◆ **Assignment**: Please reproduce all of the listing below exactly and drop its images.

(Supplied entries begins)

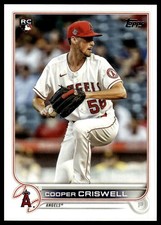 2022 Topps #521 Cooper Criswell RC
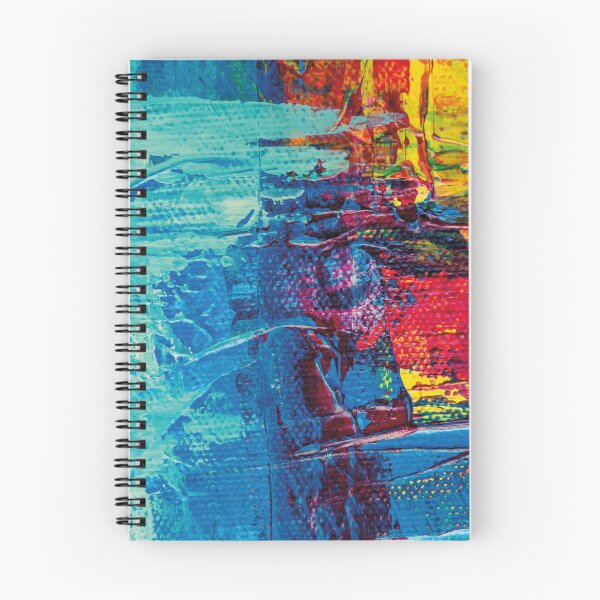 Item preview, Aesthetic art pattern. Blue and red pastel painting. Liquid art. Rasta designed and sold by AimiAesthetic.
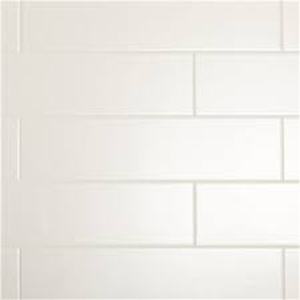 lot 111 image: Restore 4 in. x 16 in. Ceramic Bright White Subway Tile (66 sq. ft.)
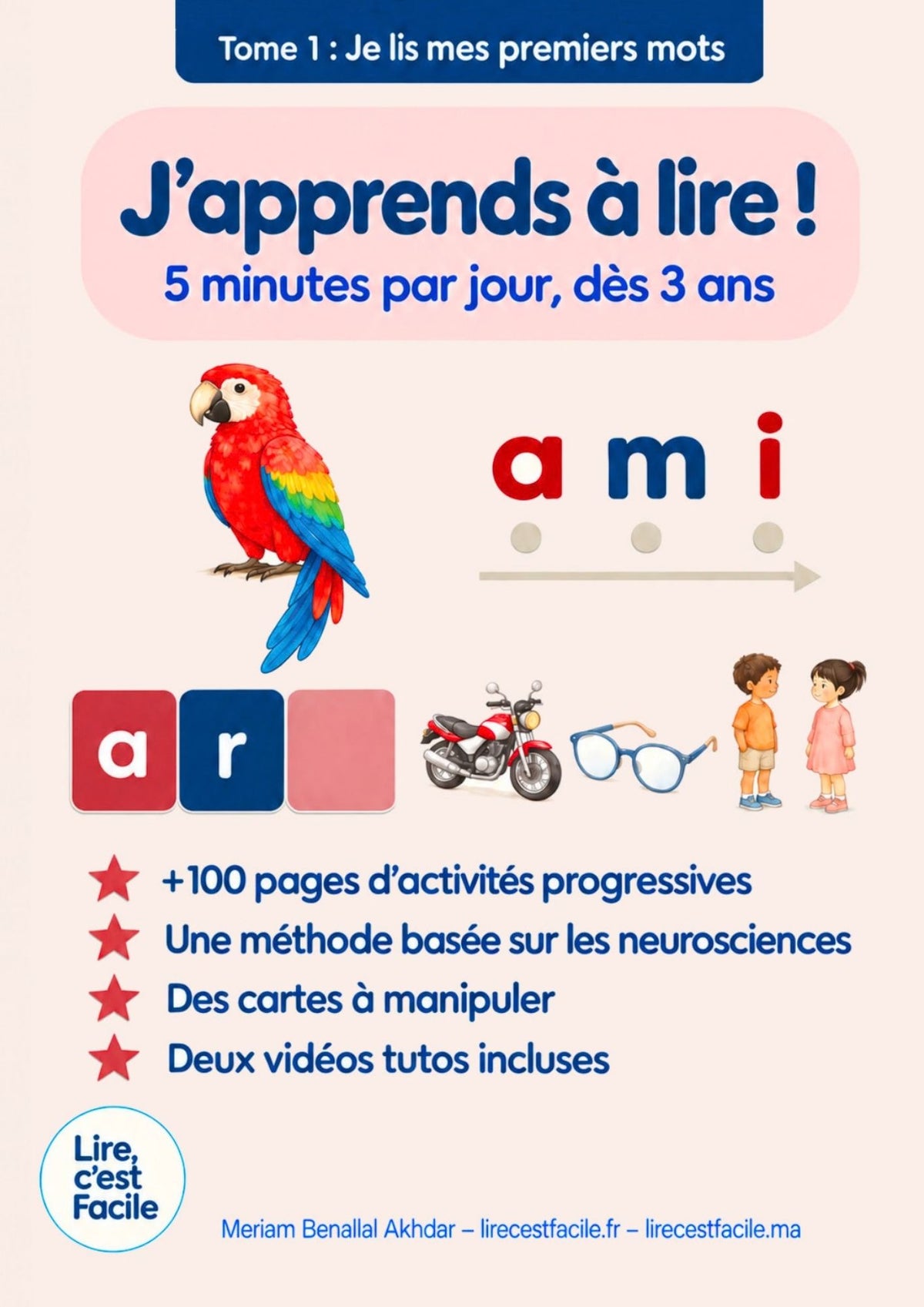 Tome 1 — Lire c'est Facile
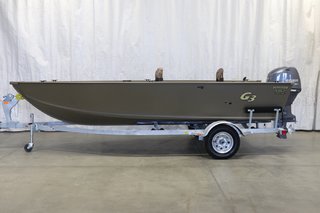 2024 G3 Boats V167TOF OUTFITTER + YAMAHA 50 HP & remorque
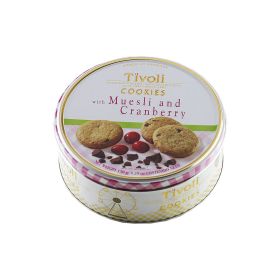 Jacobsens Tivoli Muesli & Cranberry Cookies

(Supplied entries ends)

◆ **Output**:
 2022 Topps #521 Cooper Criswell RC
 Item preview, Aesthetic art pattern. Blue and red pastel painting. Liquid art. Rasta designed and sold by AimiAesthetic.
 lot 111 image: Restore 4 in. x 16 in. Ceramic Bright White Subway Tile (66 sq. ft.)
 Tome 1 — Lire c'est Facile
 2024 G3 Boats V167TOF OUTFITTER + YAMAHA 50 HP & remorque
 Jacobsens Tivoli Muesli & Cranberry Cookies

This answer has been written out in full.